Add BufferExec execution plan #19760

gabotechs · 2026-01-12T08:54:06Z

Which issue does this PR close?

Closes #.

Rationale for this change

This is a PR from a batch of PRs that attempt to improve performance in hash joins:

It adds a building block that allows eagerly collecting data on the probe side of a hash join before the build side is finished.

Even if the intended use case is for hash joins, the new execution node is generic and is designed to work anywhere in the plan.

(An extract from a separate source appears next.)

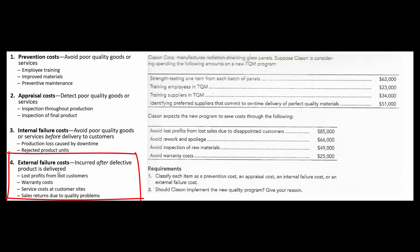External failure costs are probably the most costly and the hardest to predict. We're going to have lost profits from customers we didn't get, warranty costs to fix stuff sold to customers, we may have to travel out to the customer site to fix it, or have sales returns and just have to give them their money back.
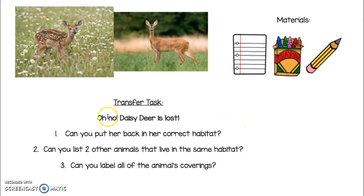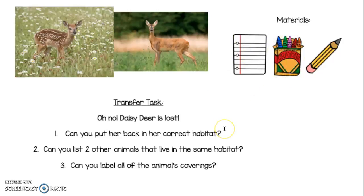Welcome back. We are so sad that Daisy Deer is lost — let's find her. The first thing you're going to do is put Daisy Deer and her baby back in her correct habitat. That means you can use your paper and your crayons to draw her back in her habitat. What's in her habitat? Make sure to have those things in your picture. Pause the video and put Daisy back in her correct habitat.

What changes are included in this PR?

Note

The new BufferExec node introduced in this PR is still not wired up automatically

Adds a new BufferExec node that can buffer up to a certain size in bytes for each partition eagerly performing work that otherwise would be delayed.

Schematically, it looks like this:

             ┌───────────────────────────┐
             │        BufferExec         │
             │                           │
             │┌────── Partition 0 ──────┐│
             ││            ┌────┐ ┌────┐││       ┌────┐
 ──background poll────────▶│    │ │    ├┼┼───────▶    │
             ││            └────┘ └────┘││       └────┘
             │└─────────────────────────┘│
             │┌────── Partition 1 ──────┐│
             ││     ┌────┐ ┌────┐ ┌────┐││       ┌────┐
 ──background poll─▶│    │ │    │ │    ├┼┼───────▶    │
             ││     └────┘ └────┘ └────┘││       └────┘
             │└─────────────────────────┘│
             │                           │
             │           ...             │
             │                           │
             │┌────── Partition N ──────┐│
             ││                   ┌────┐││       ┌────┐
 ──background poll───────────────▶│    ├┼┼───────▶    │
             ││                   └────┘││       └────┘
             │└─────────────────────────┘│
             └───────────────────────────┘

Are these changes tested?

yes, by new unit tests

Are there any user-facing changes?

users can import a new BufferExec execution plan in their codebase, but no internal usage is shipped yet in this PR.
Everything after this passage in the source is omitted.